** RECORDS FOR THIS EXERCISE follows **

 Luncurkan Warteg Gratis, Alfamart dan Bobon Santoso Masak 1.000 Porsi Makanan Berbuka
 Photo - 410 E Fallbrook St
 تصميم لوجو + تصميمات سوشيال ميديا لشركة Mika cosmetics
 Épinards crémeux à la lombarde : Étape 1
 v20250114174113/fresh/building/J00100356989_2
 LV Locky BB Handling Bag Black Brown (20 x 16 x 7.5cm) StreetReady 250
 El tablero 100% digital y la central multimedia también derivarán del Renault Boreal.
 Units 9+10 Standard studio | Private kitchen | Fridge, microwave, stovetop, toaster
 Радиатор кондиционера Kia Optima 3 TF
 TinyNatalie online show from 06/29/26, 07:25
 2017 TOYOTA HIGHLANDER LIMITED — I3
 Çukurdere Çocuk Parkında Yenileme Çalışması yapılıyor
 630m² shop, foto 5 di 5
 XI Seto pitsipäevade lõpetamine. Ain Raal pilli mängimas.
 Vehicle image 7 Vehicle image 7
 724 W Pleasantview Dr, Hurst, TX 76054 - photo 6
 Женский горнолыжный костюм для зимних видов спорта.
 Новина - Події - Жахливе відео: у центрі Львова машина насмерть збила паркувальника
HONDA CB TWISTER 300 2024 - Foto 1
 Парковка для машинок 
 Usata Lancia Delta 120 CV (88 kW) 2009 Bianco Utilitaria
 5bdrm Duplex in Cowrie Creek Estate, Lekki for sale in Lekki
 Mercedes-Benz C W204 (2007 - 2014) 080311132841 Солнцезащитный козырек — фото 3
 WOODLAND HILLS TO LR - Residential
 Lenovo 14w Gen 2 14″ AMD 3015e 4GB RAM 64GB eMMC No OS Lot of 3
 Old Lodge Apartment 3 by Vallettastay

** End of RECORDS FOR THIS EXERCISE **

Write out only the lines that run from the line containing "v20250114174113/fresh/building/J00100356989_2" through the line containing "Радиатор кондиционера Kia Optima 3 TF", both included, exactly as they appear above.

== TASK RESPONSE ==
 v20250114174113/fresh/building/J00100356989_2
 LV Locky BB Handling Bag Black Brown (20 x 16 x 7.5cm) StreetReady 250
 El tablero 100% digital y la central multimedia también derivarán del Renault Boreal.
 Units 9+10 Standard studio | Private kitchen | Fridge, microwave, stovetop, toaster
 Радиатор кондиционера Kia Optima 3 TF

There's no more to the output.